Check each line of the listing for the string "photo". Copy those where it appears.

* * * * * * *

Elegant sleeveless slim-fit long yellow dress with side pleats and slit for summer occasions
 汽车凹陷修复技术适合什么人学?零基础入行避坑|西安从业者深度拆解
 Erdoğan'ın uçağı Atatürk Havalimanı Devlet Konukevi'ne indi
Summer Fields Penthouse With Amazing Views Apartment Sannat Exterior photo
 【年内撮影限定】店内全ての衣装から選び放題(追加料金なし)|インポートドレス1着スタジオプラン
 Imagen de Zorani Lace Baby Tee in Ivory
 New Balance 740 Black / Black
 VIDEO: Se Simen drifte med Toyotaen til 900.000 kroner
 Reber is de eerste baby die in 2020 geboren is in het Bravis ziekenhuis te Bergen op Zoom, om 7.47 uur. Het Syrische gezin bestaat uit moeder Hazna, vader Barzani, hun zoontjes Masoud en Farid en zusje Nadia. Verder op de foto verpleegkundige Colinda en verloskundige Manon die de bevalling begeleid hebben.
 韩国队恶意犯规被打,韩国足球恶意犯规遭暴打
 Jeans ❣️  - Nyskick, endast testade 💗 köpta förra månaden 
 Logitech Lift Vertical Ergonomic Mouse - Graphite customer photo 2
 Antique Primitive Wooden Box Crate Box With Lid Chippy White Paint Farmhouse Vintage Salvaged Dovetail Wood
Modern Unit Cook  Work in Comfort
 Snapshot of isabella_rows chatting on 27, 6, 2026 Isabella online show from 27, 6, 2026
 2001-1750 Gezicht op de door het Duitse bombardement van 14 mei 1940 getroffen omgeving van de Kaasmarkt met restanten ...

* * * * * * *

Your solution =>
Summer Fields Penthouse With Amazing Views Apartment Sannat Exterior photo
 Logitech Lift Vertical Ergonomic Mouse - Graphite customer photo 2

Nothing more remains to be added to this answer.